In fall 2011 we have again reached a trailing-ten-years multiple that exceeds 20. This is uncharacteristically high. Those who use current earnings or forward earnings will arrive at lower P/E ratios but from a historical perspective, those more optimistic P/E are also high.

I don’t care much for forward earnings because they’re always someone’s optimistic best guess. I don’t care for current quarterly earnings either since they are much too volatile to base longer-term decisions on.

P/E is roughly twice the expected annual growth rate. This varies a lot, but with an average dividend payout rate of 50% of earnings, I think the dividend stream is a much better proxy for the growth rate because it is stable. Take the inverse yield and double it. That’ll give you a “P/E” proxy which doesn’t fluctuate as much. I’m talking rough numbers here. Rough numbers.

Many stocks trade on a valuation model that’s roughly

Price = P/E * Earnings

So if P/E is 20 and earnings are $1, that makes for a stock worth $20.

If P/E is historically high and P/Es are historically bounded with no “new-era” forthcoming, it means that P/Es are likely to grow down. A more typical value for the low range is a P/E of 10. Historically it takes about two decades to go from high to low.

Thanks to central bank policies we have now spent a decade going nowhere. This means that the leverage must be halved in 10 years. Linearly, that would be going from 20 in 2011 to 19 in 2012 to 18 in 2013, etc. until we hit 10 in 2020.

This translates to a downwards pressure of 5-10% annual on stocks, a pressure that must be compensated for by increasing earnings. Now, 5-10% growth in the entire market is impossible, because the entire market is the GDP and the GDP grows very steadily at 3%.

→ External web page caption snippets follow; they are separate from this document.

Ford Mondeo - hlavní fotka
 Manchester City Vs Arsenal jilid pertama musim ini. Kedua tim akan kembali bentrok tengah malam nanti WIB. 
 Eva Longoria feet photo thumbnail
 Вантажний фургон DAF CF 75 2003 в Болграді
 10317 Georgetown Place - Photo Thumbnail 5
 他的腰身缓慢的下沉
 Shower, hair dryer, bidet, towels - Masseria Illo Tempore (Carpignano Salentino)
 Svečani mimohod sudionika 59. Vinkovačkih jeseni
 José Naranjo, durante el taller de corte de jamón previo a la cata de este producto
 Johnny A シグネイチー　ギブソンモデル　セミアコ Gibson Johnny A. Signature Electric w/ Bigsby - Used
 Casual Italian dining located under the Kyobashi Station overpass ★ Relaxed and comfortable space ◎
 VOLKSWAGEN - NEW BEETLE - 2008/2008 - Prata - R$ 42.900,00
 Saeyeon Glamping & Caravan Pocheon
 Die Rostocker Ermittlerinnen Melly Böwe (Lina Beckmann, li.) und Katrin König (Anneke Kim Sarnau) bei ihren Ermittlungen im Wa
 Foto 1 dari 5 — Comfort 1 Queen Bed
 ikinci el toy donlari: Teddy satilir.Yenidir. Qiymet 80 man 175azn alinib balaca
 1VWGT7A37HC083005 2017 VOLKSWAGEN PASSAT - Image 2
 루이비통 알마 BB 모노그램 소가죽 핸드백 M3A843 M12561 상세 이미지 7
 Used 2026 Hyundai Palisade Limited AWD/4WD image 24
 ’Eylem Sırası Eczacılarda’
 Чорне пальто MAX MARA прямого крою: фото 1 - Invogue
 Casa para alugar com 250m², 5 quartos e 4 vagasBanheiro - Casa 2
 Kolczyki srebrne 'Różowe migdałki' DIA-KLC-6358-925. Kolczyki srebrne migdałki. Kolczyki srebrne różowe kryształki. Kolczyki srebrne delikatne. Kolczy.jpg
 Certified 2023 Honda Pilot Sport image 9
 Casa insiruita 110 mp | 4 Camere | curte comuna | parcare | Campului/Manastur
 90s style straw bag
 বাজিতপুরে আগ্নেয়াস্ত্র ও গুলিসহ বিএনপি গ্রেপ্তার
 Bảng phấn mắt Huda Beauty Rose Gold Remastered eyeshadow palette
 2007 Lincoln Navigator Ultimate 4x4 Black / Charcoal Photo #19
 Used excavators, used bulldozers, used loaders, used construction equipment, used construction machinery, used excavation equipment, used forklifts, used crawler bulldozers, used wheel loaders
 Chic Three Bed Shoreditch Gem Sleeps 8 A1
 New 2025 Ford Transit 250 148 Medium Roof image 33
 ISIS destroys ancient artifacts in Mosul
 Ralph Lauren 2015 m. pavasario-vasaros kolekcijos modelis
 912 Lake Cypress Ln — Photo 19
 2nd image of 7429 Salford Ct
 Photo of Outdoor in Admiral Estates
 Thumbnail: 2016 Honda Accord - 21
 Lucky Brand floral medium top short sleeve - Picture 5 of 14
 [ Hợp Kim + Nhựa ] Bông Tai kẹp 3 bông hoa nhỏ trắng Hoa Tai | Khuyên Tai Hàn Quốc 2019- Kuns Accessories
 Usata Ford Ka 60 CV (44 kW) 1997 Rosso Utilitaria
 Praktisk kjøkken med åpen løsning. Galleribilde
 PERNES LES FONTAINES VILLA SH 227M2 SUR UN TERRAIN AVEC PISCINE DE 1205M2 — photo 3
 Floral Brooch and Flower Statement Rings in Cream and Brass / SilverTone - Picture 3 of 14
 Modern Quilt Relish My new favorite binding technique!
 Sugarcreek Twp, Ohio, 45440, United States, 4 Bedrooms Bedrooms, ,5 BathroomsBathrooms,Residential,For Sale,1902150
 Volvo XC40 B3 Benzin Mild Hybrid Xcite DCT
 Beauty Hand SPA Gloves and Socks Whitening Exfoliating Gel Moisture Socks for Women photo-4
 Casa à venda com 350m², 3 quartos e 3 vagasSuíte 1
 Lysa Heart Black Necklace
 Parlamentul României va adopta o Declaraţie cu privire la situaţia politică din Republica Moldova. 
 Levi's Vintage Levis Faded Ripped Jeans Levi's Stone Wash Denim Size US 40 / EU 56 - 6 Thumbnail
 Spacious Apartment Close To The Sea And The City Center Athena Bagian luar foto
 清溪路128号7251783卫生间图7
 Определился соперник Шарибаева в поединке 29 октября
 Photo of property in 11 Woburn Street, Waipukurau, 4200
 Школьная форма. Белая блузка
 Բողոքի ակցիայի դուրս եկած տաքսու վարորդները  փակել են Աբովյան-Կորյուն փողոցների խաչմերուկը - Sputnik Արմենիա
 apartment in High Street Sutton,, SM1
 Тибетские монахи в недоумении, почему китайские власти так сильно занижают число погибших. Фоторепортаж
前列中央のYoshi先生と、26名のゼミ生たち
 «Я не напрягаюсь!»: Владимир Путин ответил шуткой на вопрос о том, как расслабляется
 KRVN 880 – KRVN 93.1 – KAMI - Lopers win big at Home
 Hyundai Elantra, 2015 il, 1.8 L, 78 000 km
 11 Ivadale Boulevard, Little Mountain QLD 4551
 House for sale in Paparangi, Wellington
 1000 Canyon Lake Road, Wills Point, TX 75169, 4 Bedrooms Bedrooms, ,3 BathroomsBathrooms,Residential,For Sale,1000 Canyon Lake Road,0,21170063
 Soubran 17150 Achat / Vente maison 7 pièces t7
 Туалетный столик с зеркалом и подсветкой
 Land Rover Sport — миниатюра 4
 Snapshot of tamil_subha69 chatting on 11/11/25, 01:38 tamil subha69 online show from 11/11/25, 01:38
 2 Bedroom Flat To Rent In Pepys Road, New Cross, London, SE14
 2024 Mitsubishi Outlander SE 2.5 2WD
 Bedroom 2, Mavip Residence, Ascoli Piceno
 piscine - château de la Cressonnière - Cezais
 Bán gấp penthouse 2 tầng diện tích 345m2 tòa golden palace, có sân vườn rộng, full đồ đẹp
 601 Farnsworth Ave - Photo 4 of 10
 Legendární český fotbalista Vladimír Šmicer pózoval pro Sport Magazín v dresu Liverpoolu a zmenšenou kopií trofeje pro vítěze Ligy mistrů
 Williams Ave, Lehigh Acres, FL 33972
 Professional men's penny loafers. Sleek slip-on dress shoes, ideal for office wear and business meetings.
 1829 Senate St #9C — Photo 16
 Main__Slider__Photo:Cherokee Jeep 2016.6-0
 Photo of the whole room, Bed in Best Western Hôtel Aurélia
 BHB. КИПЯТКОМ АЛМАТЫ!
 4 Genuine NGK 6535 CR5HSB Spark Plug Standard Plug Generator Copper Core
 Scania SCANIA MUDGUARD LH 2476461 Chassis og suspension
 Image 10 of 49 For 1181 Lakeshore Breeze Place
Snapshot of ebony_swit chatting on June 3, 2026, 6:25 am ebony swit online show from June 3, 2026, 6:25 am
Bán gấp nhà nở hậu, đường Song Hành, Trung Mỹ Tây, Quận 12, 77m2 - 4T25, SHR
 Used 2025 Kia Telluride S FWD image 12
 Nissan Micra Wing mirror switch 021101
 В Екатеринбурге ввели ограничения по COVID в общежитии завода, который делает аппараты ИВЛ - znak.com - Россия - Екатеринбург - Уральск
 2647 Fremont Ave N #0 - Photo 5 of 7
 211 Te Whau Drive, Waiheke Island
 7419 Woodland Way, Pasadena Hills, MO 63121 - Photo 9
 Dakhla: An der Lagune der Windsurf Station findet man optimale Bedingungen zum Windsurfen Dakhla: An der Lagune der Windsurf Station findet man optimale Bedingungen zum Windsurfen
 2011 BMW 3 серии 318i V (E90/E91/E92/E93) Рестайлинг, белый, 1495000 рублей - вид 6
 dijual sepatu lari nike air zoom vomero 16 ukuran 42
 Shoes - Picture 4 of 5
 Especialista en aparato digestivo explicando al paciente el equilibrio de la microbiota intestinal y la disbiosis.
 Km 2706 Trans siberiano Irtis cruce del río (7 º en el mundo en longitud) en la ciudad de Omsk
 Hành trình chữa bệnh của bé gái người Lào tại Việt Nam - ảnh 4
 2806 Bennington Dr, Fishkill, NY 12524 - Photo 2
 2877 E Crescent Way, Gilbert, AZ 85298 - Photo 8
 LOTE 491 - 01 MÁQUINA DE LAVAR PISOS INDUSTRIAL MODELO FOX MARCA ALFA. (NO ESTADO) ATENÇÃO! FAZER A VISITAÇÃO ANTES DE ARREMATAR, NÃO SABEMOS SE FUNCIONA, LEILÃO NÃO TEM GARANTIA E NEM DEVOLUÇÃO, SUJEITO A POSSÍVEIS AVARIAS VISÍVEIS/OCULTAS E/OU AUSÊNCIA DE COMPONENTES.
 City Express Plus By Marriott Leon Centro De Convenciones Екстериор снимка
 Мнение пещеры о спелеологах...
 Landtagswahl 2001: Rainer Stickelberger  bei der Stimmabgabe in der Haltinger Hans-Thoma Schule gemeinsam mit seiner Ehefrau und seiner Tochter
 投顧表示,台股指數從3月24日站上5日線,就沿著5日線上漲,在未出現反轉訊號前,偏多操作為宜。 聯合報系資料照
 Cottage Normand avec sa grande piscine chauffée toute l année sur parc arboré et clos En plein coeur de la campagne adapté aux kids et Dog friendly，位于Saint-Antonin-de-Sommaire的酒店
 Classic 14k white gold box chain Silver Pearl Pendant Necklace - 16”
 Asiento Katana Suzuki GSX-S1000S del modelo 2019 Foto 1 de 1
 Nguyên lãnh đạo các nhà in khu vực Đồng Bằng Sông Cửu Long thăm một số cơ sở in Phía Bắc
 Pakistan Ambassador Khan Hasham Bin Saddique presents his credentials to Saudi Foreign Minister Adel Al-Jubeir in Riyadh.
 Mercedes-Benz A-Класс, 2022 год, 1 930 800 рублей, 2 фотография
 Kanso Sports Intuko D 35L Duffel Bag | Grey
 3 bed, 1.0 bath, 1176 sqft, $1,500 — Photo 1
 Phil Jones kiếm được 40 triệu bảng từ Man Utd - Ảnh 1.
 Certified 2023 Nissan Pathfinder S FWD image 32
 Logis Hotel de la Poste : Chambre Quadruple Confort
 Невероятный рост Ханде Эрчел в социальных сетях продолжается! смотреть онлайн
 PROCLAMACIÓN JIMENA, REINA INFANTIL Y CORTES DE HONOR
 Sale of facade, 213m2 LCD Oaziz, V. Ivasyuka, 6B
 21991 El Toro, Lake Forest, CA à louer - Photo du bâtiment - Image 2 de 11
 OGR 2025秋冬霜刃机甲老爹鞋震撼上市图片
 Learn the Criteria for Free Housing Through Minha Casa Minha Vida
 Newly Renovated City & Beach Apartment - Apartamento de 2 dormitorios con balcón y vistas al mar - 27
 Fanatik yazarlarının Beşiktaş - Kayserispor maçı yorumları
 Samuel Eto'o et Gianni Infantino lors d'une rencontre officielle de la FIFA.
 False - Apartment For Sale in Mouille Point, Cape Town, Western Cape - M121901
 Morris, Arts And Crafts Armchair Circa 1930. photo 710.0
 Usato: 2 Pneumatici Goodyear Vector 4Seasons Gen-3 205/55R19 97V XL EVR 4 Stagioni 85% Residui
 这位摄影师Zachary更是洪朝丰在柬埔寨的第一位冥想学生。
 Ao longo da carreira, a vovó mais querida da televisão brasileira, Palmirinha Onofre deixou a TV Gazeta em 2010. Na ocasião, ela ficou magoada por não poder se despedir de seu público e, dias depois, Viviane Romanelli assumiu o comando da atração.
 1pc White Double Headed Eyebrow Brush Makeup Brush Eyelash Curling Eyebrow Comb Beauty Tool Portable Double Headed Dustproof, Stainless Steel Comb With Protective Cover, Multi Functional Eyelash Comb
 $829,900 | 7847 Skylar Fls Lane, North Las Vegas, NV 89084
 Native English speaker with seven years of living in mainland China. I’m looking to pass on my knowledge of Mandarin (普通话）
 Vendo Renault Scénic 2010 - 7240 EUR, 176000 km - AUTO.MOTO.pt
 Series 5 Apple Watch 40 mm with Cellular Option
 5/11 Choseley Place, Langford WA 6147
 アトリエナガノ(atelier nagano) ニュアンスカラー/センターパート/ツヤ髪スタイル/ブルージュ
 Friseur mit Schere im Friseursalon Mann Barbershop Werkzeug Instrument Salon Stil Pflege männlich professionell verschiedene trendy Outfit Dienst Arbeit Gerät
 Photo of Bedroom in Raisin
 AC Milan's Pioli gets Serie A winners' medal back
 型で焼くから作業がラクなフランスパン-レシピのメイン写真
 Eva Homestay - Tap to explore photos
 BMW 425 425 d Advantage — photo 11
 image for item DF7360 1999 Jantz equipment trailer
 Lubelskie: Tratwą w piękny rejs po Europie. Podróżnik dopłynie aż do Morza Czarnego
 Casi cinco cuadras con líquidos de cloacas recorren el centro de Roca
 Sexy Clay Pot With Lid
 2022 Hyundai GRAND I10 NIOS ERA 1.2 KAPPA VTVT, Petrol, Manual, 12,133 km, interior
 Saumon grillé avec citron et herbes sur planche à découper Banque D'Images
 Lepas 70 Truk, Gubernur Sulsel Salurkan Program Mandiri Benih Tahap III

This is the macro conclusion why stock prices will be at best flat for the next decade as increasing earnings make up for decreasing leverage.

This is also why I’m not betting on capital gains.

Implications: A portfolio that relies on selling a small fraction of shares annually to create an income will end up with fewer shares than it anticipates. In a market with declining multiples it is better to rely on dividends. Some of these could be used to buy stock at lower multiples but that would be at the discretion of the investor. A total return approach where all the earnings are retained for further earnings growth mostly makes sense in markets where multiples are rising along with earnings. Such a market is at least half a dozen years off.